My ears are still ringing from The Misfits show - if you could call it that - last night. I was there to help out a friend by handling his band's merch. And I damn near cried because it wasn't much more than a lifeless, hollow, ghoulish spectacle of nostalgia. Jerry Only lived up to his name - he's the sole remaining member. Marky Ramone sat in on drums. Dez Cadena played guitar.
Sure, they played Misfits songs. They played Ramones songs and even worked in a Black Flag song or two, but what was the point? It seemed like a stadium rock show in a small club pandering to kids who didn't know any better ... but should.
There was nothing there. No spirit. No life. No guts. And certainly no glory beyond the fawning of people who weren't there in the first place. For $20 per ticket.
I'll give Jerry credit - he stayed and talked to every single person who wanted to talk to him. Photos, autographs, the works. He hugged kids, ruffled their hair, mugged for the camera - he did it all. He worked as hard after the show as he did during the show and I can respect that.
But when does a band stop being a band? When is it time to call it a day?

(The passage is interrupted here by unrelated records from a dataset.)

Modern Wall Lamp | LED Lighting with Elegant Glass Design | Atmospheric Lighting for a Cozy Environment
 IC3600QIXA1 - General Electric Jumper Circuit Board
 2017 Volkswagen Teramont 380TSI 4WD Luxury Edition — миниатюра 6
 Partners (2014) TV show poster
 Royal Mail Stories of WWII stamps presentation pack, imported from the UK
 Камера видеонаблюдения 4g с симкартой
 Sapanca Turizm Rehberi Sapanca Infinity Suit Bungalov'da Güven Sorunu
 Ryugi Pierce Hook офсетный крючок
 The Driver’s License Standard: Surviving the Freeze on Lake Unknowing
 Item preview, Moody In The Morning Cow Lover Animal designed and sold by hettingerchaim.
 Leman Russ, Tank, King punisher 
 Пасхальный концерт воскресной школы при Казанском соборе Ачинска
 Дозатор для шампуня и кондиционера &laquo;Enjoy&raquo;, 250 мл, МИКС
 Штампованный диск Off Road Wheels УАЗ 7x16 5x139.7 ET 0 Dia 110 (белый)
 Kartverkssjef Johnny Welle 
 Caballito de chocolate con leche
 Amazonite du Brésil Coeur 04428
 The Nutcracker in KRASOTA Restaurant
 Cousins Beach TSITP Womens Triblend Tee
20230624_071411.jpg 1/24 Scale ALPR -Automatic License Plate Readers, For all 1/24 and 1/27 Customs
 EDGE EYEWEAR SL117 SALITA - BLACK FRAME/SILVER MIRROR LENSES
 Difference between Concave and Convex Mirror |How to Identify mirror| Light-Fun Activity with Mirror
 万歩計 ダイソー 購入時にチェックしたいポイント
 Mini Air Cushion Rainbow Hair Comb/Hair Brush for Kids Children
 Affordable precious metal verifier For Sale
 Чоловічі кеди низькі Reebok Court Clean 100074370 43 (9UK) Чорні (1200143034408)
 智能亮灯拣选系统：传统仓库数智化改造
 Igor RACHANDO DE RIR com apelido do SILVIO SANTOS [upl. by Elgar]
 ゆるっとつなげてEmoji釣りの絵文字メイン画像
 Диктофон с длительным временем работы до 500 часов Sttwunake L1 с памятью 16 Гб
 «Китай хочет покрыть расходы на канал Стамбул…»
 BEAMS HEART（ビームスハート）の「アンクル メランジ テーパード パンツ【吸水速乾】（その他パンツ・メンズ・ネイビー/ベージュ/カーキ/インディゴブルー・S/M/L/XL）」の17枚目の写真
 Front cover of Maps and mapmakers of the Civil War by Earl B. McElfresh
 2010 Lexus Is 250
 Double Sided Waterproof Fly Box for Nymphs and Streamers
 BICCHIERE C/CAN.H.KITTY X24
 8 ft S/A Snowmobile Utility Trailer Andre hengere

After all, the Sex Pistols are back together. Again. They're doing a show with the Buzzcocks, the Adolescents, the Vandals, the Circle Jerks, Social Distortion, the Damned, G.B.H. and T.S.O.L. Bobby Steele is touring with The Undead. I don't even want to know who else has hopped on the revival circuit bandwagon. It's hard enough to deal with the bands I once loved who are tarnishing every last memory I had of them.
Everywhere I look, aging punks are swooping in to reap the benefits of punk's renewed popularity. It wouldn't be so bad if they were still creating something vital, if they were even capable of creating something new and interesting, something that speaks to corners of the soul that pop music ignores. But that doesn't happen. They just pull out the same old songs but those words have a different meaning when they're accompanied by the sound of cash registers ringing.
I've been standing steadfastly in the way of pop-punk for some time now, contending that cloying love songs have little to do with punk rock, that most contemporary pop-punk acts are little more than boy bands with guitars. And now I find myself standing in opposition to punk rock nostalgia, reunion tours and musicians cashing in on former glory. I find myself opposing most of punk for the simple reason that these bands are trading on who they once were. And while I've said it before, it bears repeating - punk rock is not about who you were. It's about who you are and, more importantly, who you will be.
I realize I'm only one person and that my opinion doesn't matter much, but if this is punk rock, then I'm against punk. If those washed-up musicians are punkers, then I'm against them, regardless of who they are. And if you're in favor of this, I'm against you as well.